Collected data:
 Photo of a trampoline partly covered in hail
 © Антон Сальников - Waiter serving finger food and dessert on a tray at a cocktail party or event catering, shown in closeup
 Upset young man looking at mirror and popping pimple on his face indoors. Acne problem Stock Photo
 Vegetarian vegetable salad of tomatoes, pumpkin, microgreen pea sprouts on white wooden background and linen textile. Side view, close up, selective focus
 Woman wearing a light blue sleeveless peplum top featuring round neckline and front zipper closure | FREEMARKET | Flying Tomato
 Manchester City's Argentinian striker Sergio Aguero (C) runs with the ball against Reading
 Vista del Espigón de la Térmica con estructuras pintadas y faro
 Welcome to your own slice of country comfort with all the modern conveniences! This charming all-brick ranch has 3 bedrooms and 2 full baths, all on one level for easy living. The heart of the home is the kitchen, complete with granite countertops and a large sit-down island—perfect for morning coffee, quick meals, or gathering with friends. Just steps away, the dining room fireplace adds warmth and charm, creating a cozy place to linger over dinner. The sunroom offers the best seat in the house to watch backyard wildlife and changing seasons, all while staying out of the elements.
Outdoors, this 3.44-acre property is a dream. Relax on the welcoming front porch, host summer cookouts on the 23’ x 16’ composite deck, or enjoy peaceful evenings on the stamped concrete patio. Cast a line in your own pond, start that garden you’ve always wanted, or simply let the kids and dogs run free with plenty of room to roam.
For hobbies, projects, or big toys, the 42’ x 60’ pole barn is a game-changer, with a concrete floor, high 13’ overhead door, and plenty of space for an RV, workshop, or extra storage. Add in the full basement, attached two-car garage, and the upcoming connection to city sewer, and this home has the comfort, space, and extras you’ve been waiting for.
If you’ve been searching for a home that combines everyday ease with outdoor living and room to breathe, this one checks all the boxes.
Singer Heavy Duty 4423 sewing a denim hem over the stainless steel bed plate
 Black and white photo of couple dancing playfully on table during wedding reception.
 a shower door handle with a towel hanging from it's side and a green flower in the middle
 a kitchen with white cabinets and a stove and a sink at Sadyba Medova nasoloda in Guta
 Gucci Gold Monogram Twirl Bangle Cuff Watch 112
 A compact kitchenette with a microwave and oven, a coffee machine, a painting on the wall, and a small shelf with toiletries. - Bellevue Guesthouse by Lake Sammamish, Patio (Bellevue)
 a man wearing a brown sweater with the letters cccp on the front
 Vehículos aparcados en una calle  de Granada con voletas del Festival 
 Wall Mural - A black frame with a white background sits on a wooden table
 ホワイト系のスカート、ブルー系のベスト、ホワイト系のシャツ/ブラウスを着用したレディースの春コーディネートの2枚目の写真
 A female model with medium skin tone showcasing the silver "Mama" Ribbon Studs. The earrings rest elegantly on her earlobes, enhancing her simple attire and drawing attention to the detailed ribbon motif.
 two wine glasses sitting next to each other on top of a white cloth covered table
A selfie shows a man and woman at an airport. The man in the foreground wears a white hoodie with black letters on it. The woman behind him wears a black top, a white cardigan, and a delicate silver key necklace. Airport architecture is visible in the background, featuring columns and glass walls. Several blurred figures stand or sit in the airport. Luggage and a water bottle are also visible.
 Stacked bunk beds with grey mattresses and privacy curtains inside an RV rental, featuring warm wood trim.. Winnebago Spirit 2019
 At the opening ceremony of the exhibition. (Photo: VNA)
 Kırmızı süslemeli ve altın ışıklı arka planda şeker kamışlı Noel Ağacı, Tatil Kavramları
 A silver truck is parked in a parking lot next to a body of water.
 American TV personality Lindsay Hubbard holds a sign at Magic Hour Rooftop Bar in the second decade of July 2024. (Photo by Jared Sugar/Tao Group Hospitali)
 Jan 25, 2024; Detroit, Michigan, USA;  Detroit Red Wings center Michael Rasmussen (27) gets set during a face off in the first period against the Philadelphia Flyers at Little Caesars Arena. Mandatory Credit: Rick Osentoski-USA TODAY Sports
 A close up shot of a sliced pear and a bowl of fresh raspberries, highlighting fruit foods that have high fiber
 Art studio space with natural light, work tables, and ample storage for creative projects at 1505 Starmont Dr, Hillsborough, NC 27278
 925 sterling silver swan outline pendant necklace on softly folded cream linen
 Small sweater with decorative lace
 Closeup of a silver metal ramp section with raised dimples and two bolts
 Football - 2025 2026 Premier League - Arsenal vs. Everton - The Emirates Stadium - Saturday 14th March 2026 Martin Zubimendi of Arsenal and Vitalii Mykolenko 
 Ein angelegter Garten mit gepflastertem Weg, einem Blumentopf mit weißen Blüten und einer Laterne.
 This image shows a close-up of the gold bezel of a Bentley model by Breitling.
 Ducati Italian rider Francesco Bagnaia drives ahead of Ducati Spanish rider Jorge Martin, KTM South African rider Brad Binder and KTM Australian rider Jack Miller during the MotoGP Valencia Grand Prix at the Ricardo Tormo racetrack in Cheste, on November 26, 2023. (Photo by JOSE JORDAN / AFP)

**The task**: Check each line above for the string "next" and copy every line that has it.

**Answer section**:
 two wine glasses sitting next to each other on top of a white cloth covered table
 A silver truck is parked in a parking lot next to a body of water.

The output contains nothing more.